I love them all! Especially You Don't Know Jaques!


----------



## GlossyAbby (Jun 17, 2008)

wow very pretty!


----------



## bklynfemme (Jun 17, 2008)

Fall already!? ahhh, I just bought the opi summer collections not too long ago!  Love the fall colors though, Can't waitttt.


----------



## Krasevayadancer (Jun 17, 2008)

CANNOT WAIT! OPI is my absolute fav np brand and I am a huge fan of the vampy nail colors for fall winter. WOOT!


----------



## LuvKisselle (Jun 17, 2008)

GASP! Those colors are absolutely amaaazing! Perfect for fall...I'm a vampy girl, so while I love my brights, nothing gets to me like the smokey colors of fall. I'm praying that I'll have my nail tech license by the time these come out so i can get them all!


----------



## erine1881 (Jun 18, 2008)

Quote:

   Originally Posted by *Krasevayadancer* 

 
_I am a huge fan of the vampy nail colors for fall winter. WOOT!_

 
hehe, i still wear my lincoln park at midnight.
	

	
	
		
		

		
		
	


	




  i love the darker colors all year round, but i definately rock them for fall/winter.


----------



## melliquor (Jun 18, 2008)

These look hot.  Are they released in the UK as well?


----------



## Traversant (Jun 18, 2008)

Does anyone know when this will be coming out??
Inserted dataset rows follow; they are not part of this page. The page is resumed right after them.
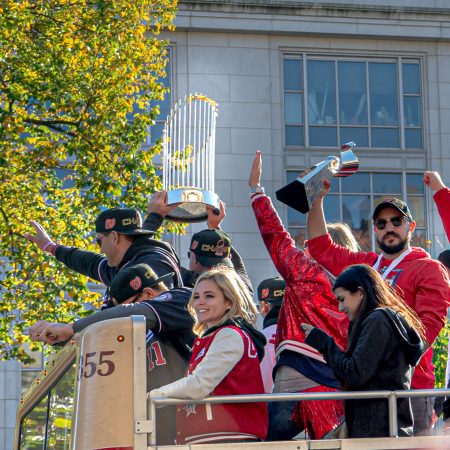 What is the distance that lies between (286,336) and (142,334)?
4.73ft

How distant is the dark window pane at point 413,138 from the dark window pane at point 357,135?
3.45 feet

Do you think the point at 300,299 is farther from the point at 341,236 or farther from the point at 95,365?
the point at 95,365

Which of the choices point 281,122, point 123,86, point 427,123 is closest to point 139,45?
point 123,86

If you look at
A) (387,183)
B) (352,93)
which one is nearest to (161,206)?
(387,183)

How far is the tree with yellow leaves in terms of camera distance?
16.4 metres

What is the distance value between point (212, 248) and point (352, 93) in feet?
67.5

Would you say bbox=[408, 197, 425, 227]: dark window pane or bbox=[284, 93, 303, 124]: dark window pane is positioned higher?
bbox=[284, 93, 303, 124]: dark window pane

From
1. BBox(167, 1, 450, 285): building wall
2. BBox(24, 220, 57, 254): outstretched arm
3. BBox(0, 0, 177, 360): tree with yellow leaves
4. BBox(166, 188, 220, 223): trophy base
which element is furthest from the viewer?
BBox(167, 1, 450, 285): building wall

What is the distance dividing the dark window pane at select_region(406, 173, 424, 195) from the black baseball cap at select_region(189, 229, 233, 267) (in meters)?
20.5

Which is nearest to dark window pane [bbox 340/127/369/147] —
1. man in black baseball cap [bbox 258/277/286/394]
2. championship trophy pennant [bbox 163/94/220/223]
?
championship trophy pennant [bbox 163/94/220/223]

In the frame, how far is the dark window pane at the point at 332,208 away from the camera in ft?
89.4

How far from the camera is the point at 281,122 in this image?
27.8 m

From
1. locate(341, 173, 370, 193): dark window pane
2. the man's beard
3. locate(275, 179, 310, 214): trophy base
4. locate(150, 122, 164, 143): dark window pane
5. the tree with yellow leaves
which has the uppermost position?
locate(150, 122, 164, 143): dark window pane

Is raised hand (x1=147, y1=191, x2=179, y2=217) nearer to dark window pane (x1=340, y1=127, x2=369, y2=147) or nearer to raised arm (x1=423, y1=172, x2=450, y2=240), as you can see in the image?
raised arm (x1=423, y1=172, x2=450, y2=240) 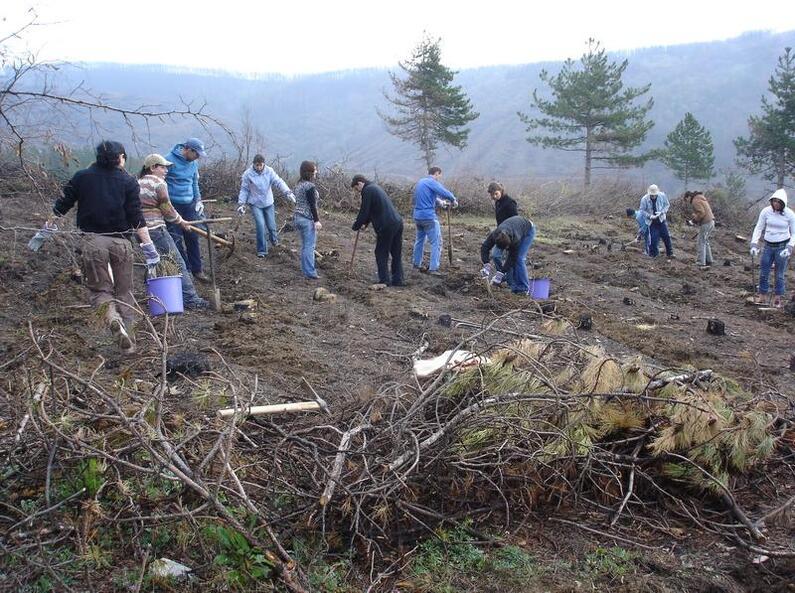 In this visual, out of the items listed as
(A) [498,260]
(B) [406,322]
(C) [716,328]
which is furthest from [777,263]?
(B) [406,322]

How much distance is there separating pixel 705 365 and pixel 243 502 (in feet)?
17.3

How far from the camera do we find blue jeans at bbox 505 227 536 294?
29.8ft

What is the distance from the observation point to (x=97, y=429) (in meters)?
3.71

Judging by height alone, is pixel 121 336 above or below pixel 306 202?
below

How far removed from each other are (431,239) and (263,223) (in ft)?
8.40

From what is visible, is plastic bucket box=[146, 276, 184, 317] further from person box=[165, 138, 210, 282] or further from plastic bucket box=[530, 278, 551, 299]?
plastic bucket box=[530, 278, 551, 299]

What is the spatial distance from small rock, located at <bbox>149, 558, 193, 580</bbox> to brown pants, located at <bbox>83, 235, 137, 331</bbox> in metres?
2.99

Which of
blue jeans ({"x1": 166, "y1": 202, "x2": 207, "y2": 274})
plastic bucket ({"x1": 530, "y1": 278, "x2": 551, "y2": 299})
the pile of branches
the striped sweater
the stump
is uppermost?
the striped sweater

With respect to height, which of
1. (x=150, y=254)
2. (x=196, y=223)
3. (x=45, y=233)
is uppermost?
(x=45, y=233)

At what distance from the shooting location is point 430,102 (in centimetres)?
2975

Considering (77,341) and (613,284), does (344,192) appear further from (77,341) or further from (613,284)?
(77,341)

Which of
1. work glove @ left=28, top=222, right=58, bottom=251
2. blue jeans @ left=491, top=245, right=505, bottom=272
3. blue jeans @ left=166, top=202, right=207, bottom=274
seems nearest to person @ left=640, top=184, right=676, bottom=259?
blue jeans @ left=491, top=245, right=505, bottom=272

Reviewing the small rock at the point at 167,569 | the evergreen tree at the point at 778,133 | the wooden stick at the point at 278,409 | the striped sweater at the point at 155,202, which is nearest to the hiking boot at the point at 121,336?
the striped sweater at the point at 155,202

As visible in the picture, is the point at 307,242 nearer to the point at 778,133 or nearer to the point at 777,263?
the point at 777,263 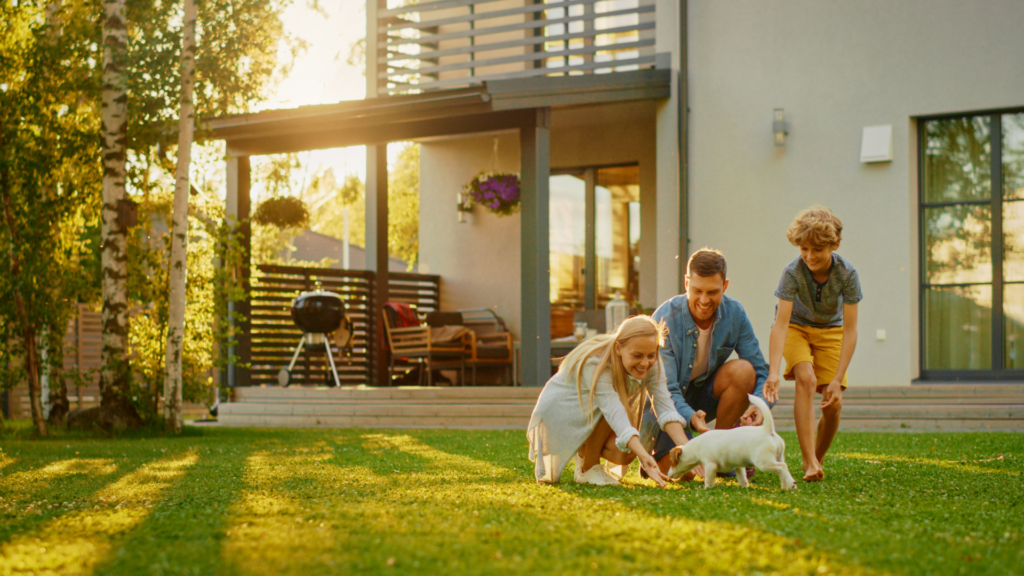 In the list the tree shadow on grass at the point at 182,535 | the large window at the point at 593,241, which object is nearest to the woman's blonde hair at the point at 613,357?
the tree shadow on grass at the point at 182,535

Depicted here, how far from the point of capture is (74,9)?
8.58m

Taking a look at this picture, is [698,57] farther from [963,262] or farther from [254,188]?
[254,188]

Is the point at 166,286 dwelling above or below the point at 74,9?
below

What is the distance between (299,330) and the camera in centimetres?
1145

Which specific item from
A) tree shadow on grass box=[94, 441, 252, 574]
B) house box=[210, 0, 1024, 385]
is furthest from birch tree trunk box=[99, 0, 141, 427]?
tree shadow on grass box=[94, 441, 252, 574]

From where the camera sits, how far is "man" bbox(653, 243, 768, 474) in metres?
4.07

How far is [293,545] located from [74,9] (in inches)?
306

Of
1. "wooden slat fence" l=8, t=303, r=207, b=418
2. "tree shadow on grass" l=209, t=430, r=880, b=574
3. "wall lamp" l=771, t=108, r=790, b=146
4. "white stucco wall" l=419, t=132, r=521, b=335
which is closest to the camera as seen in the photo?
"tree shadow on grass" l=209, t=430, r=880, b=574

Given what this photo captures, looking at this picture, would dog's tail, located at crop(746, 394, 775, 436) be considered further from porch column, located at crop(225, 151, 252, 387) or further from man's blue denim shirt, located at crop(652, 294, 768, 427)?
porch column, located at crop(225, 151, 252, 387)

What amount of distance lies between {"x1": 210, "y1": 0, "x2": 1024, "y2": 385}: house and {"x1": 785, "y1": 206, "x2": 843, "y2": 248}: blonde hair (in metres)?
5.50

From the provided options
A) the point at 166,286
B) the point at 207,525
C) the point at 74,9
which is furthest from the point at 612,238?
the point at 207,525

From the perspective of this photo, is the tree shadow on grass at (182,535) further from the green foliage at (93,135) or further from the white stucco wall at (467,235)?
the white stucco wall at (467,235)

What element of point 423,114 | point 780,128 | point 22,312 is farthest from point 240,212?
point 780,128

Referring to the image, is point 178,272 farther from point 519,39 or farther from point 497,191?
point 519,39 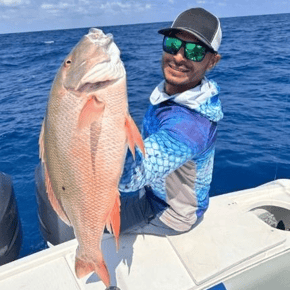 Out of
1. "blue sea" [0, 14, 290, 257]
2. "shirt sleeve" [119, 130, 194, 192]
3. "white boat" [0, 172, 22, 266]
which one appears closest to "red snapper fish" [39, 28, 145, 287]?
"shirt sleeve" [119, 130, 194, 192]

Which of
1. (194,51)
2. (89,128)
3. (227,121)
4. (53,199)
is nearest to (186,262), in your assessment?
(53,199)

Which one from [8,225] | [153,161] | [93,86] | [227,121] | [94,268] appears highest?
[93,86]

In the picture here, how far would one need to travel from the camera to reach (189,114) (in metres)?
2.45

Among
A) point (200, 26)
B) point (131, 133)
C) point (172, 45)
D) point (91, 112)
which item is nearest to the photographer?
point (91, 112)

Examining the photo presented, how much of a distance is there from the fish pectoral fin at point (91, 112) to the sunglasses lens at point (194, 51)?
1.26m

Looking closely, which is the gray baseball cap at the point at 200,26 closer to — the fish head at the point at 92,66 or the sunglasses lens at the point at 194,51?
the sunglasses lens at the point at 194,51

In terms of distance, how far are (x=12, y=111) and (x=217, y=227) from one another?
999 centimetres

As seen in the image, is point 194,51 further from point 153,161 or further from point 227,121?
point 227,121

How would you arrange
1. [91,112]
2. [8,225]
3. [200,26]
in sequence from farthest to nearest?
1. [8,225]
2. [200,26]
3. [91,112]

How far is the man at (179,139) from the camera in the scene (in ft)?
7.13

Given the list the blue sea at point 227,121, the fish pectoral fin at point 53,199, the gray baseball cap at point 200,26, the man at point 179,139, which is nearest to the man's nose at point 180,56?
the man at point 179,139

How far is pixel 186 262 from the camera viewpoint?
2785 mm

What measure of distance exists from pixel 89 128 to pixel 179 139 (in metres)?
0.70

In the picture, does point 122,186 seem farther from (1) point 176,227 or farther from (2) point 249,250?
(2) point 249,250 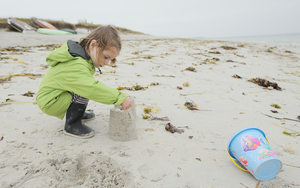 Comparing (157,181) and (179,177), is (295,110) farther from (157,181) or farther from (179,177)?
(157,181)

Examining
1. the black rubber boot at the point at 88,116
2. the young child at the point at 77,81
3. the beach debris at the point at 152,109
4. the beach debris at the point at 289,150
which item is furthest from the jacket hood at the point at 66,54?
the beach debris at the point at 289,150

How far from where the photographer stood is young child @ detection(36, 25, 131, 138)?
167cm

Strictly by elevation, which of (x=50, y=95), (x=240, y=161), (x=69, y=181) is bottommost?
(x=69, y=181)

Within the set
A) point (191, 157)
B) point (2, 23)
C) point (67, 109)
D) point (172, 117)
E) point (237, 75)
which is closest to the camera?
point (191, 157)

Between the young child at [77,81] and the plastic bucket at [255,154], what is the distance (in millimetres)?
1070

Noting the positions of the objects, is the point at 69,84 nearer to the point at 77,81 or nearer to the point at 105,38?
the point at 77,81

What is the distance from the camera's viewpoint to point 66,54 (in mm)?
1733

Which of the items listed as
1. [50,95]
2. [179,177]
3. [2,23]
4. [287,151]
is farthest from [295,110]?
[2,23]

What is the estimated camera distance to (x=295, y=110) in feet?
9.29

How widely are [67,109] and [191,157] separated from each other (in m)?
1.42

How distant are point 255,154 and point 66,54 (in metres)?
1.91

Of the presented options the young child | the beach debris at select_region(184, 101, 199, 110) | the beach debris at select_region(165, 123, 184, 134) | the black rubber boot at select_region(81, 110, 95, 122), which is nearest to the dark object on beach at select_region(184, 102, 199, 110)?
the beach debris at select_region(184, 101, 199, 110)

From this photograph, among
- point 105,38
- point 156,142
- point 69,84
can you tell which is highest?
point 105,38

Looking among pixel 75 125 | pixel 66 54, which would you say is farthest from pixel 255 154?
pixel 66 54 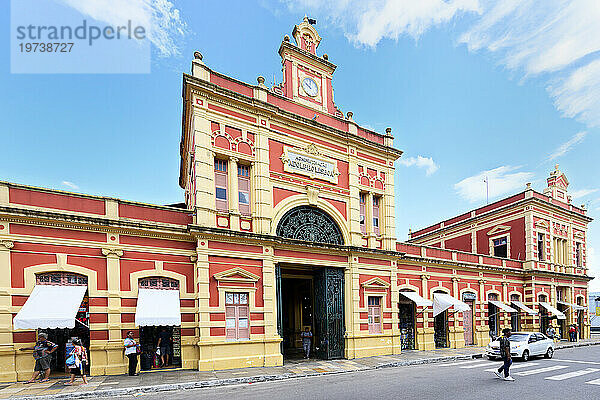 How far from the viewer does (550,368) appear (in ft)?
52.7

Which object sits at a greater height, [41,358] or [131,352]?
[41,358]

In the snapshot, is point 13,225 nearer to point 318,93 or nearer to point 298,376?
point 298,376

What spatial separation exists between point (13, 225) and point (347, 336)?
14138 mm

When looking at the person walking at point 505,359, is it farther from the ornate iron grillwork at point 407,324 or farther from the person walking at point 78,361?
the person walking at point 78,361

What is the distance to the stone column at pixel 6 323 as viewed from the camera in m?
12.2

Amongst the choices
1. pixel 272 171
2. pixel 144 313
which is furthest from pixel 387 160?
pixel 144 313

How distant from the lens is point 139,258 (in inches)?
582

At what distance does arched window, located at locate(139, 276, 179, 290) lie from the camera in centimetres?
1487

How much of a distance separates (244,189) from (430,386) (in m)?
10.2

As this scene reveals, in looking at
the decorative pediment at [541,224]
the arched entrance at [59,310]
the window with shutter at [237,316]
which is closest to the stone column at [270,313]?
the window with shutter at [237,316]

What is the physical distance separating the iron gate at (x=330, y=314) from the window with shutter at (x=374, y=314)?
6.00 feet

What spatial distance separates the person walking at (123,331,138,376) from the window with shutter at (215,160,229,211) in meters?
5.81

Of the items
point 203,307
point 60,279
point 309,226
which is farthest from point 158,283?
point 309,226

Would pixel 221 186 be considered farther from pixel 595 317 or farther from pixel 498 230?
pixel 595 317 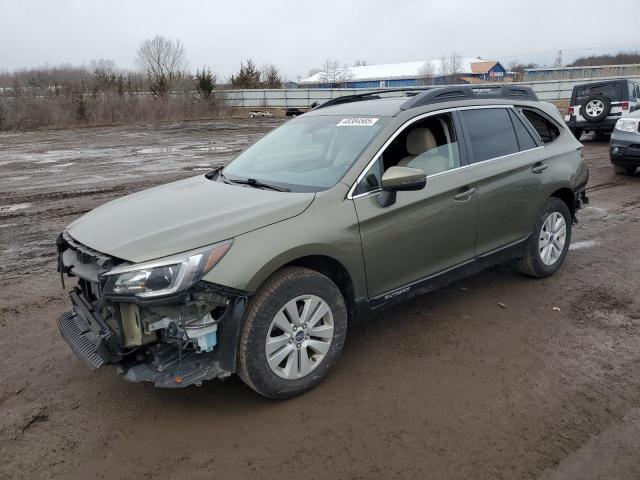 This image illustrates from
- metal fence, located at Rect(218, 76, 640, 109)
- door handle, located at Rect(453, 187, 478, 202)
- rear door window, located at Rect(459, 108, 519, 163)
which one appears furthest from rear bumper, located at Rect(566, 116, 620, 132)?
metal fence, located at Rect(218, 76, 640, 109)

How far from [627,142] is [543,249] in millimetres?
6516

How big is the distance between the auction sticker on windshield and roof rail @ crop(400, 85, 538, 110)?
0.26 m

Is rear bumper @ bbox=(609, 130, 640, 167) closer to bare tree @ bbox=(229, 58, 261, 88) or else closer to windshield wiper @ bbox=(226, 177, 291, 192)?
windshield wiper @ bbox=(226, 177, 291, 192)

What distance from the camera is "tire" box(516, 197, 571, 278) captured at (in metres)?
4.98

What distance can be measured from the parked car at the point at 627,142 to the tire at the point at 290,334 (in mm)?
9023

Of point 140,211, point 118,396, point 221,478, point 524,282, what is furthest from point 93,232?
point 524,282

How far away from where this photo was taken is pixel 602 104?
15.4 meters

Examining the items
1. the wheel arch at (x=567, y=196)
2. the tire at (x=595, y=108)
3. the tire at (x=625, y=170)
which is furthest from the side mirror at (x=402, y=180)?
the tire at (x=595, y=108)

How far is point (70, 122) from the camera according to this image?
95.2 feet

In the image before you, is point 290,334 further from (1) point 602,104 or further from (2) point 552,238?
(1) point 602,104

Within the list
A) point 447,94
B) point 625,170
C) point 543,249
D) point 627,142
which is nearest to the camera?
point 447,94

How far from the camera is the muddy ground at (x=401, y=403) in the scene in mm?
2779

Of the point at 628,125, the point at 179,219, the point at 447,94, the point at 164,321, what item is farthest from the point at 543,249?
the point at 628,125

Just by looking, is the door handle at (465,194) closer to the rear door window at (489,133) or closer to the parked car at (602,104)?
the rear door window at (489,133) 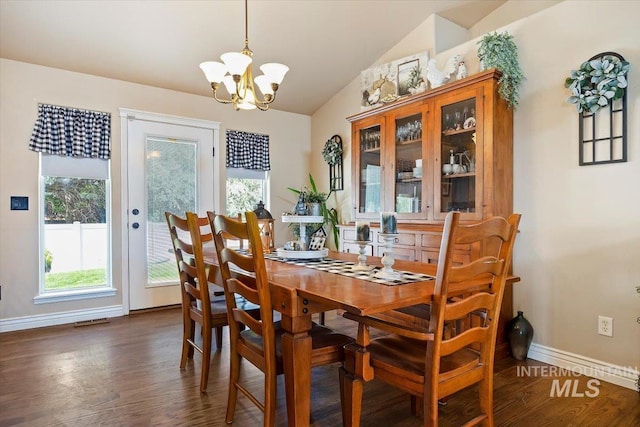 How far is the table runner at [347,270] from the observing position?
1662 millimetres

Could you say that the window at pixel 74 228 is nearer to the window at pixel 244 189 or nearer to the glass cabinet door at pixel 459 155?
the window at pixel 244 189

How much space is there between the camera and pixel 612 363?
2.32 m

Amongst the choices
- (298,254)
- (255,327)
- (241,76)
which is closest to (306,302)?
(255,327)

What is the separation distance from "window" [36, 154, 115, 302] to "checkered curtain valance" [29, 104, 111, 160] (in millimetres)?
92

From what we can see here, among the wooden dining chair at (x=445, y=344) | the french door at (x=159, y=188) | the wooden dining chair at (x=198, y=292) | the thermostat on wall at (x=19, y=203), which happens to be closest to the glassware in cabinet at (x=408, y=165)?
the wooden dining chair at (x=445, y=344)

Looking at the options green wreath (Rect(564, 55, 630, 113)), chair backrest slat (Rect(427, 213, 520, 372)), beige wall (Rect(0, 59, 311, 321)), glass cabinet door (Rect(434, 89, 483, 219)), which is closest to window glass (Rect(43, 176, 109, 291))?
beige wall (Rect(0, 59, 311, 321))

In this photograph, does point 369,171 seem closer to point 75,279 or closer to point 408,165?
point 408,165

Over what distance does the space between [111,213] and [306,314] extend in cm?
311

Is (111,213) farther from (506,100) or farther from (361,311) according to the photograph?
(506,100)

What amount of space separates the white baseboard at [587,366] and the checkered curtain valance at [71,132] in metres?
4.15

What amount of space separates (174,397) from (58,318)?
216 centimetres

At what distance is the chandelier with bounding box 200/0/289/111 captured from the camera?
221cm

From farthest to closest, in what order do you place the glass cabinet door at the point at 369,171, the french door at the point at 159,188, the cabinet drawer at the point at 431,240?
the french door at the point at 159,188
the glass cabinet door at the point at 369,171
the cabinet drawer at the point at 431,240

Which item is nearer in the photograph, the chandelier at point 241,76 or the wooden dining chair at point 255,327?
the wooden dining chair at point 255,327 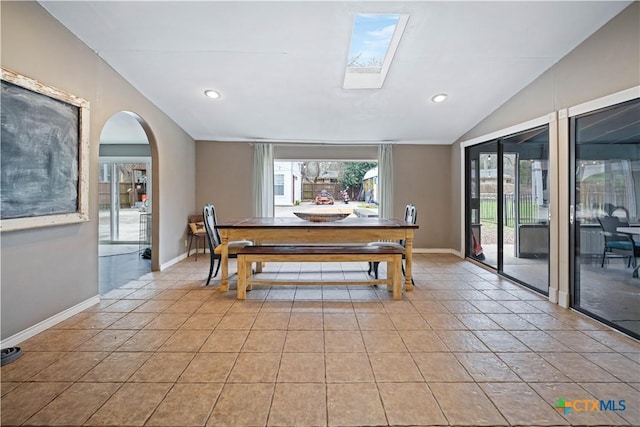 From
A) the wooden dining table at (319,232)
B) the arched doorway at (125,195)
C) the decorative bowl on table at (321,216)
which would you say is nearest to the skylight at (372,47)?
the decorative bowl on table at (321,216)

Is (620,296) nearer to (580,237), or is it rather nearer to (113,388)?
(580,237)

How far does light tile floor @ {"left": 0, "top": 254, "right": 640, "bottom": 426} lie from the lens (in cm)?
166

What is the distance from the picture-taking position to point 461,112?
4.77 m

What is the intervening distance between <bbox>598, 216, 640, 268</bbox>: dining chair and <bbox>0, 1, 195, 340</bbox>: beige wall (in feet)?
15.3

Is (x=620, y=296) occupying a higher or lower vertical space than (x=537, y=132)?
lower

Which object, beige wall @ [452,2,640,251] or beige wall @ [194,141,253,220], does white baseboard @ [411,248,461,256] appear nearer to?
beige wall @ [452,2,640,251]

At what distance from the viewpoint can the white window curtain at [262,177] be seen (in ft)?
19.6

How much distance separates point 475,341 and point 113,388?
240 centimetres

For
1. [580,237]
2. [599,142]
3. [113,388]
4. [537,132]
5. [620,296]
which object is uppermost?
[537,132]

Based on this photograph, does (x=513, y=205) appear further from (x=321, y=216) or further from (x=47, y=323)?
(x=47, y=323)

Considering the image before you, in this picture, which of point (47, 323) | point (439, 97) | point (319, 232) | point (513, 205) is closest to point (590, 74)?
point (439, 97)

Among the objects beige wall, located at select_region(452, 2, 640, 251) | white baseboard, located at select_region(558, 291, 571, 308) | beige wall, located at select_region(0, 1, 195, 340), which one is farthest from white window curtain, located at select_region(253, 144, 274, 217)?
white baseboard, located at select_region(558, 291, 571, 308)

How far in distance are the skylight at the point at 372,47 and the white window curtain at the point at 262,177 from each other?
233 cm

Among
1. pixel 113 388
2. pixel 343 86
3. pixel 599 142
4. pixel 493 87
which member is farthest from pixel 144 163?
pixel 599 142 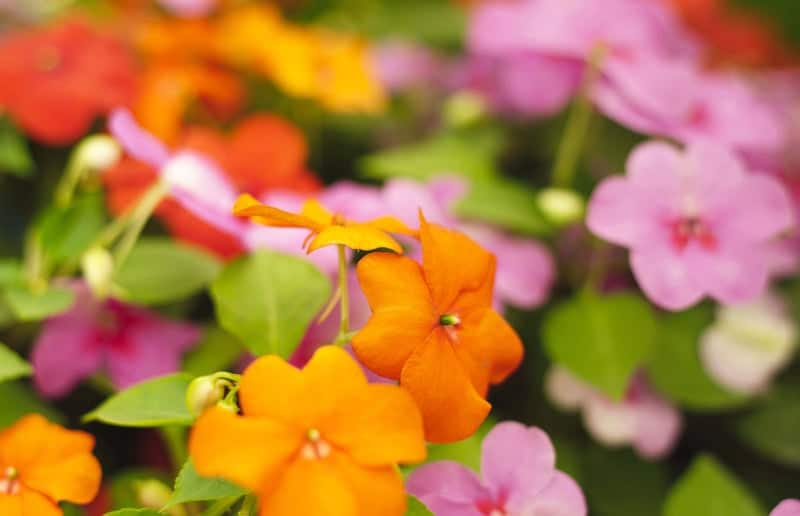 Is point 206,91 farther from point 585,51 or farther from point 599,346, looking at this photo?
point 599,346

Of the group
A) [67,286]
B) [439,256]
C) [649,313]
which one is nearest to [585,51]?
[649,313]

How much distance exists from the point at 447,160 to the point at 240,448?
488mm

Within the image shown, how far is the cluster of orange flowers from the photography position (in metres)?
0.43

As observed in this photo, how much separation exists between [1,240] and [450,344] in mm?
552

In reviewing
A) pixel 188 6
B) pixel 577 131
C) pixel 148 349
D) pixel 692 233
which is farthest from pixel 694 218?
pixel 188 6

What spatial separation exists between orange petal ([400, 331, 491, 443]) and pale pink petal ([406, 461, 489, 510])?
52mm

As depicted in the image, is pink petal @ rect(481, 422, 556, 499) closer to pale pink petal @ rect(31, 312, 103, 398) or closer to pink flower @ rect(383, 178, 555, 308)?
pink flower @ rect(383, 178, 555, 308)

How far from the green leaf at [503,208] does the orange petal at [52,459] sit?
36 cm

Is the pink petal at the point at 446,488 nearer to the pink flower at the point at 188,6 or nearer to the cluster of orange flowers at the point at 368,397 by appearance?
the cluster of orange flowers at the point at 368,397

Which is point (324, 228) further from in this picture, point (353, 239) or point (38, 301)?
point (38, 301)

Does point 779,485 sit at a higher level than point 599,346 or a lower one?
lower

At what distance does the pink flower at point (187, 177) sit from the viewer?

I will actually be in France in the fall.. I have never seen OPI there... hopefully I just overlooked places where they're sold? Because I need some of these in my life.


----------



## BeautyPsycho (Jun 18, 2008)

They will probably be available by the end of the summer... july-august.


----------



## chocokitty (Jun 18, 2008)

These colors are fabulous -- love the French theme!!


----------



## BAMBOOLINA (Jun 19, 2008)

OMG!!! I *NEED *


* Louvre me Louvre me not
* A Oui bit of red.

So gorgeous!! I love red,purple and vampy colors!!


----------



## Cosmopolitics (Jun 19, 2008)

I like the purple ones, I might get those. I think I like China Glaze's fall/winter collections a bit more though.


----------



## purrtykitty (Jun 19, 2008)

Quote:

   Originally Posted by *Krasevayadancer* 

 
_CANNOT WAIT! OPI is my absolute fav np brand and I am a huge fan of the vampy nail colors for fall winter. WOOT!_

 
 Quote:

   Originally Posted by *erine1881* 

 
_hehe, i still wear my lincoln park at midnight.
	

	
	
		
		

		
			





 i love the darker colors all year round, but i definately rock them for fall/winter.
	

	
	
		
		

		
		
	


	


_

 
Ooh, me, too!  I'm interested to see how You Don't Know Jacques! turns out.  I'd looooove a dark, vampy green!


----------



## VDUB*BELLA (Jun 20, 2008)

ooooooooooooooooh me likey!!


----------



## acidtongue (Jun 23, 2008)

I'm definitely going to have to pick up a couple of these. I wish there were more pics of the holiday ones.


----------



## sinergy (Jun 23, 2008)

seen these the other day! they are sooo pretty.


----------



## BeautyPsycho (Jun 24, 2008)

Quote:

   Originally Posted by *acidtongue* 

 
_I'm definitely going to have to pick up a couple of these. I wish there were more pics of the holiday ones._

 
here you go! 
	

	
	
		
		

		
		
	


	










And here's Halloween collection


----------



## glitzbeary (Jun 24, 2008)

Can't wait to see these in person! As if I need more polishes...


----------



## sinergy (Jun 27, 2008)

i love those little halloween collections. my daughter and i had so much fun with the one from last season, it came with a glow in the dark one that would freak me out on my toes at night, lmao..


----------



## Susanne (Jun 27, 2008)

Oh wow, this will be great with the shades from Cult of Cherry!


----------



## shell12367 (Jun 27, 2008)

wow, such nice colors!


----------